Mourners wave Syrian flags and a photo of President Bashar Assad as they chant slogans at a mass funeral Saturday, Dec. 24, 2011 for 44 people killed in twin suicide bombings that targeted intelligence agency compounds in Damascus, Syria. Mourners carried coffins draped in the red, white and black Syrian flags into the eighth-century Omayyad Mosque, where they were placed on the ground for prayers. (AP Photo/Muzaffar Salman)
Mourners wave Syrian flags and a photo of President Bashar Assad as they chant slogans at a mass funeral Saturday, Dec. 24, 2011 for 44 people killed in twin suicide bombings that targeted intelligence agency compounds in Damascus, Syria. Mourners carried coffins draped in the red, white and black Syrian flags into the eighth-century Omayyad Mosque, where they were placed on the ground for prayers. (AP Photo/Muzaffar Salman)
Mourners bow in prayer at a mass funeral Saturday, Dec. 24, 2011 for 44 people killed in twin suicide bombings that targeted intelligence agency compounds in Damascus, Syria. Mourners carried coffins draped in the red, white and black Syrian flags into the eighth-century Omayyad Mosque, where they were placed on the ground for prayers. (AP Photo/Muzaffar Salman)
A Syrian Kurdish boy carries a banner during a protest outside the Arab League office in Beirut, Lebanon, Sunday, Dec. 25, 2011. The protesters said the Arab League was not serious in attempts to stop the Syrian regime crackdown. A man behind the boy was carrying a poster of President Bashar Assad of Syria. (AP Photo/Bilal Hussein)
BEIRUT (AP) ? Syria's top opposition leader called on the Arab League Sunday to bring the U.N. into the effort to stop the regime's bloody crackdown on dissent as security forces pressed ahead with raids and arrests and killed at least seven more people.
Burhan Ghalioun, the Paris-based leader of the Syrian National Council, made the plea as Arab League officials were setting up teams of foreign monitors as part of their plan aimed at ending nine months of turmoil that the U.N. says has killed more than 5,000 people.
Opposition groups say the Arab League is not strong enough to resolve the crisis, which is escalating beyond mass demonstrations into armed clashes between military defectors and security forces and a double suicide bombing that shook Damascus on Friday.
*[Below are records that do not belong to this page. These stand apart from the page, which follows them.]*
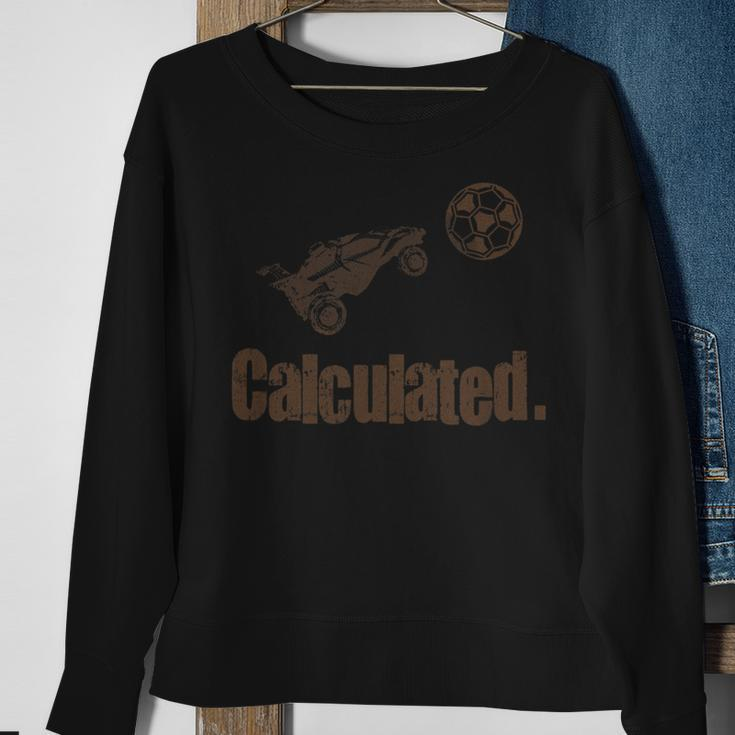 Calculated Vintage Retro Rocket Soccer Rc Car League Soccer Funny Gifts Sweatshirt Gifts for Old Women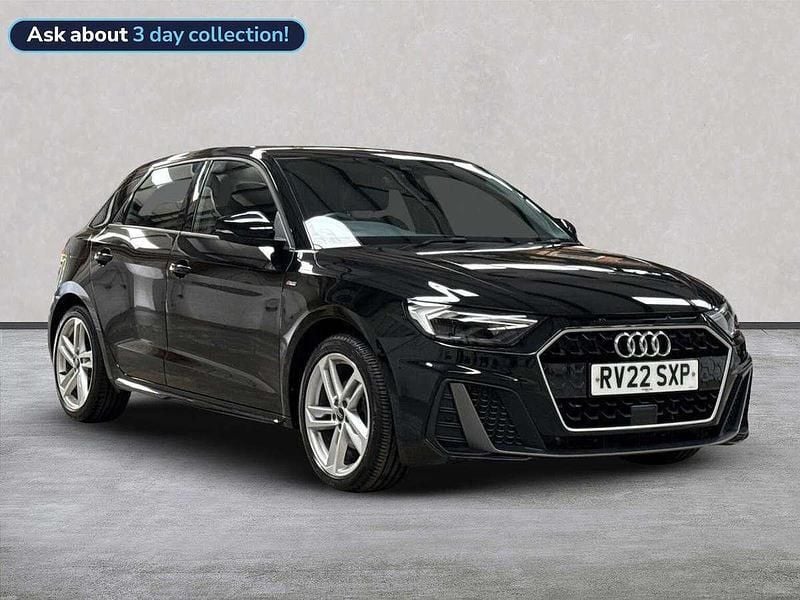 Black Used 2022 Audi A1 S-Line Hatchback | £18,530 (Fair price) - Image 1/4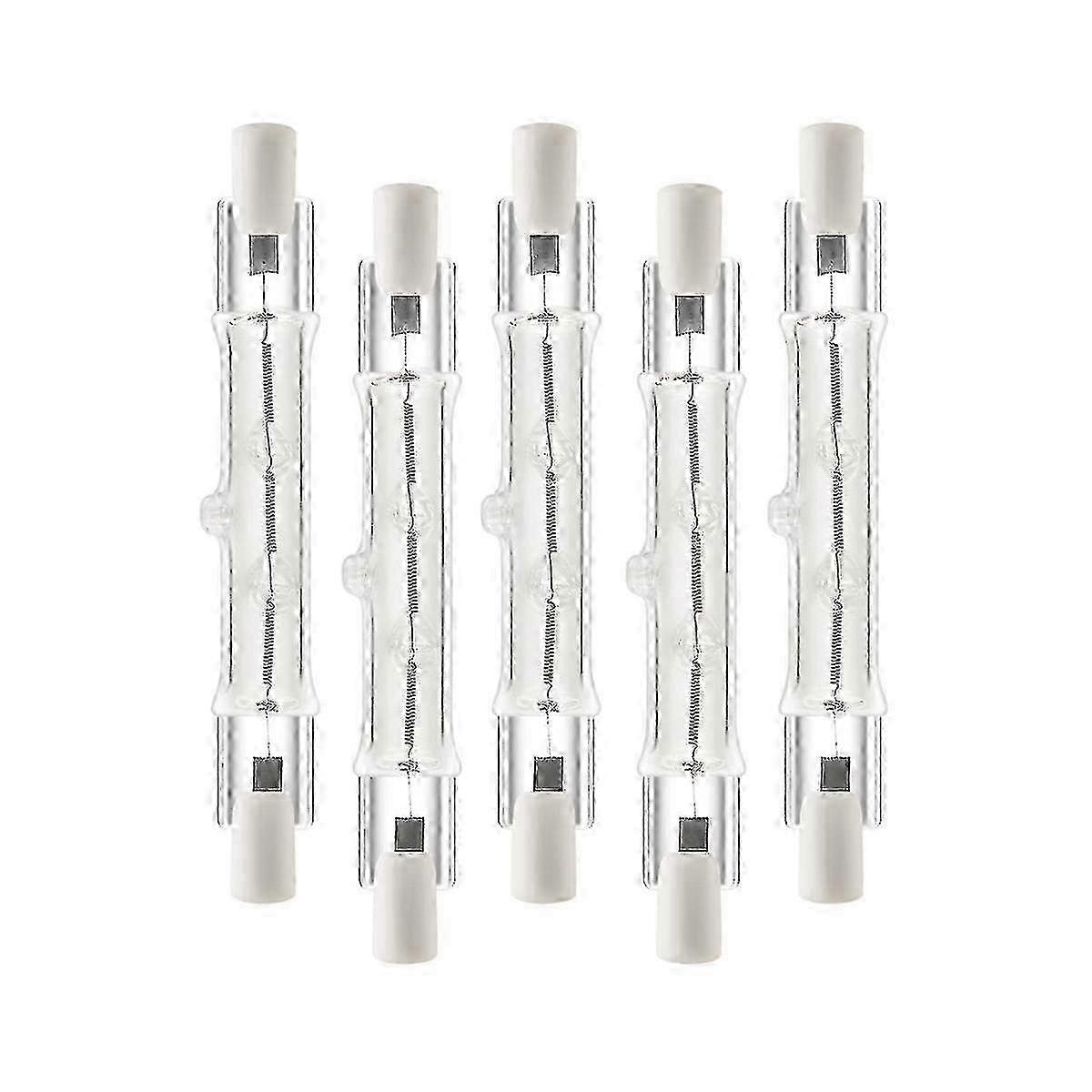 5 Pack R7s 118mm 300w 230v,r7s Halogen Linear Light Bulb, Dimmable ...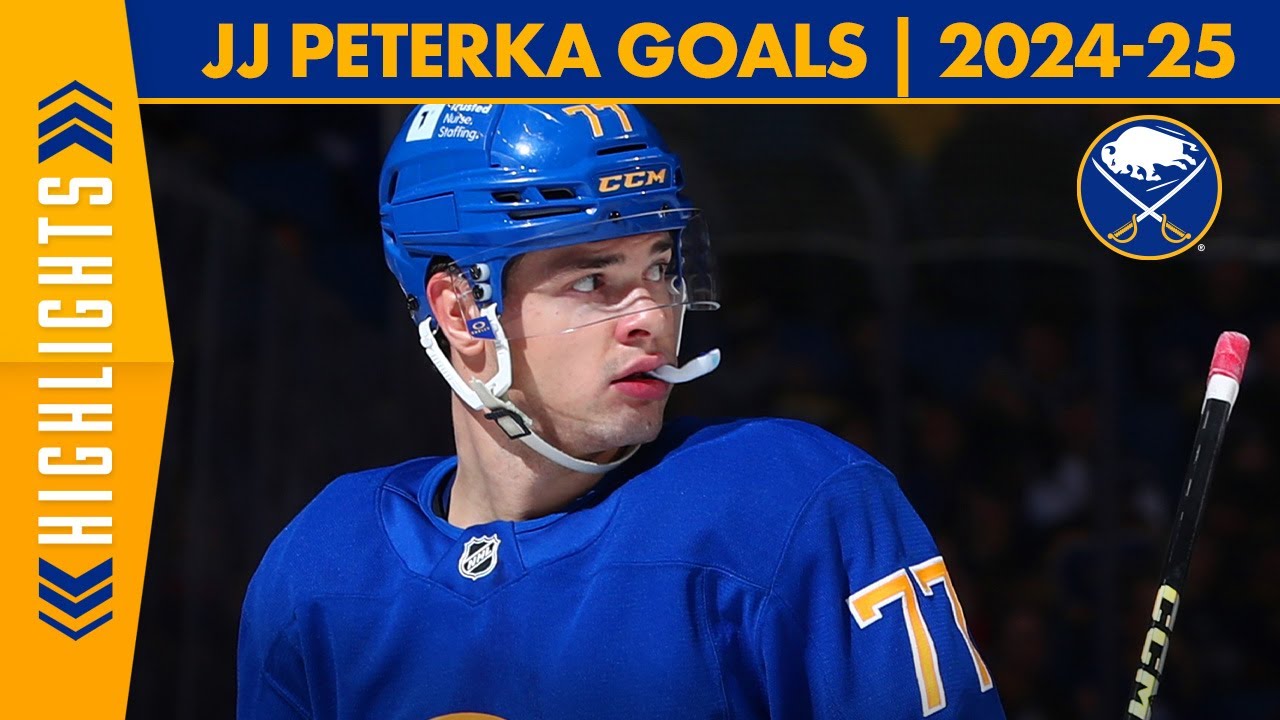 JJ PETERKA GOAL!!! | Watch All 27 Of JJ Peterka's Goals From 2024-25 | Buffalo Sabres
"I call upon the Arab League to ask the Security Council to adopt its plan in order to increase possibilities of its success and avoid giving the regime an opportunity not to carry out its obligations," Ghalioun said in a televised speech marking Christmas. The opposition council "holds the international community to its responsibilities and asks them to use all available means to put an end to the tragedies experienced by the Syrian people," he added.
"The barbaric massacre must stop now," Ghalioun said.
The Arab League has begun sending observers into Syria to monitor compliance with its plan to end to the crackdown on political opponents. President Bashar Assad agreed to the League plan only after it warned that it could turn to the U.N. Security Council to help stop the violence.
The plan requires the government to remove its security forces and heavy weapons from city streets, start talks with opposition leaders and allow human rights workers and journalists into the country.
The opposition has accused Assad of agreeing to the plan only to buy time and forestall more international sanctions and condemnation.
Mohamed Ahmed Mustafa al-Dabi, head of the Arab League observer team, traveled to Damascus late Saturday after meeting with Arab League chief Nabil Elaraby to discuss arrangements of the mission. More monitors are expected to arrive Monday.
On Sunday, the British-based Syrian Observatory for Human Rights and the Local Coordination Committees activist groups said troops shelled the town of Juraithi in the eastern province of Deir el-Zour, killing one person. They added that security forces killed three others in the village of Kouriyeh, also in Deir el-Zour.
The groups also reported that parts of the restive central city of Homs was bombed Saturday, killing at least three people and wounding dozens.
The two groups also blamed the regime for the assassination of a former member of Assad's ruling Baath party in Homs Ghazi Zoaib and his wife Saturday night. The groups said Zoaib had recently expressed support of the opposition.
The Syrian government has long contended that the turmoil in Syria this year is not an uprising by reform-seekers but the work of terrorists and foreign-backed armed gangs.
Syria blamed al-Qaida for sending two suicide car bombs that blew up in Damascus Friday, killing 44 and wounding dozens more. Opponents of Assad suggested the regime itself might have been responsible.
Associated Pressalbrecht durer davenport denver nuggets chris hansen ehlers danlos syndrome drew peterson diners drive ins and dives
No comments:
Post a Comment
Note: Only a member of this blog may post a comment.